Empirical studies in Town05 and 42 routes benchmarks reinforce these observations, with InterFuser demonstrating robust performance under complex scenarios, including occlusion and adversarial events, which prior approaches fail to address as effectively.

4. Technical Specifics and Loss Formulations

The network’s loss schema is the weighted sum of three components:

$\mathcal{L} = \lambda_{pt} \mathcal{L}_{pt} + \lambda_{map} \mathcal{L}_{map} + \lambda_{tf} \mathcal{L}_{tf}$

Where $\mathcal{L}_{pt}$ is the waypoint $L_1$ loss, $\mathcal{L}_{map}$ covers existence and meta-information in the object density grid, and $\mathcal{L}_{tf}$ pertains to traffic rule signal accuracy. The decoder employs queries with individualized positional encoding to prevent permutation invariance, and the lateral steering is dictated by a PID controller using predicted waypoints’ headings.

The backbone modularity allows for expansion with additional sensors or modalities, maintaining architectural flexibility and scalability.

5. Safety Assessment, Testing, and Limitations

Subsequent research leverages InterFuser as a reference agent in multiple system-level test frameworks, notably EpiTESTER (Lu et al., 2023), CoCoMEGA (Yousefizadeh et al., 5 Dec 2024), CCTest (Li et al., 21 Jan 2025), and CoCoMagic (Yousefizadeh et al., 20 Sep 2025). These frameworks use evolutionary and co-evolutionary search algorithms, metamorphic relations, and interpretability modules to rigorously probe safety, uncover non-deterministic decision boundaries, and diagnose behavioral divergences across system versions.

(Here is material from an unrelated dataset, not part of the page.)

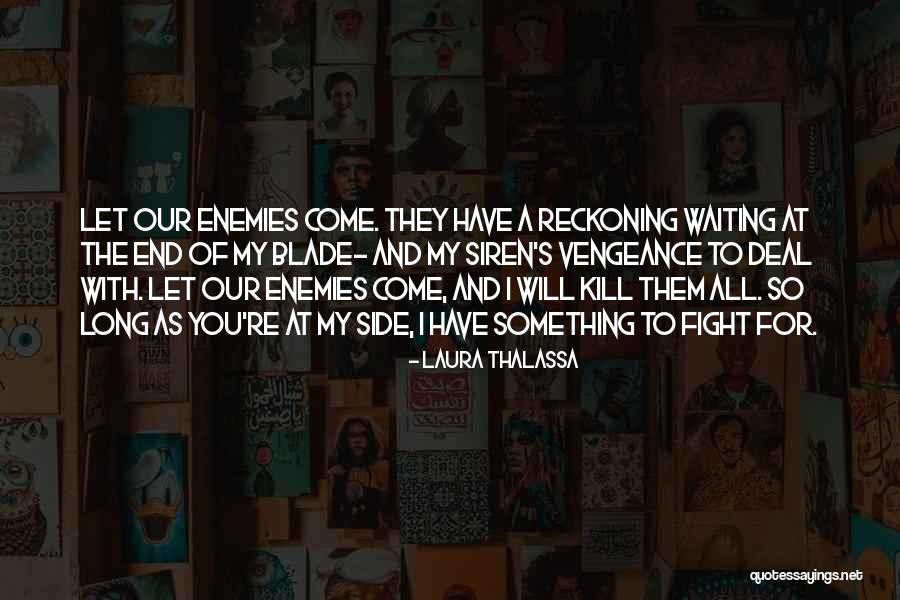 To All My Enemies Quotes By Laura Thalassa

CCTest reveals that InterFuser’s otherwise reliable behavioral output in nominal scenarios can degrade in critical situations—specifically merging/lane-change contexts near dynamic safety margins—displaying non-deterministic transitions and accident-prone verdicts. CoCoMEGA and CoCoMagic expose subtle metamorphic violations resulting from minor sensor input perturbations, with up to 287% more distinct high-severity behavioral differences identified compared to baselines. These findings indicate that aggregate leaderboard metrics may overestimate InterFuser’s safety, and suggest integrating both qualitative and quantitative evaluations for robust assurance.

6. Interpretability and Diagnostics in Deployment

InterFuser’s production of safety mind maps and semantic traffic rules underpins diagnostic routines in both simulated and real-world deployments. Interpretability approaches such as RuleFit generate compact rule sets from test cases, elucidating root causes behind behavioral divergences and supporting targeted debugging efforts. This supports scalability to larger sensor suites and adaptation of the safety module to real-world edge-case scenarios, enhancing transparency and facilitating evidence-driven updates to the safety controller.

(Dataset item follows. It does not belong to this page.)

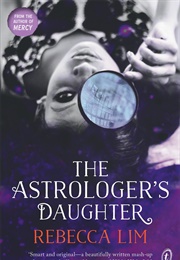 The Astrologer&#39;s Daughter (Rebecca Lim)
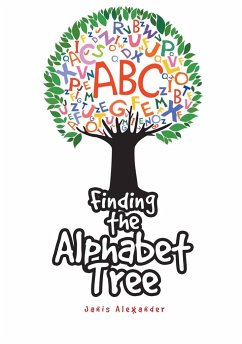 Finding the Alphabet Tree - Alexander, Janis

7. Future Directions and Scalability

Prospective lines of work outlined in the original publication (Shao et al., 2022), as well as in the context of extended testing frameworks, include integration of probabilistic trajectory predictors and advanced control schemes (e.g., reachability-based planners), further scaling to complex multi-sensor environments, and deployment in real-world heterogeneous traffic environments. The architecture remains adaptable, with both the core transformer fusion technique and the interpretable output modules designed for expansion and integration with evolving safety assessment methodologies.

In summary, InterFuser has established itself as a benchmark autonomous driving agent, integrating interpretable sensor fusion at the architectural level and acting as the reference point for current research in system-level safety evaluation, metamorphic testing, and explainable AI-driven control for autonomous vehicles.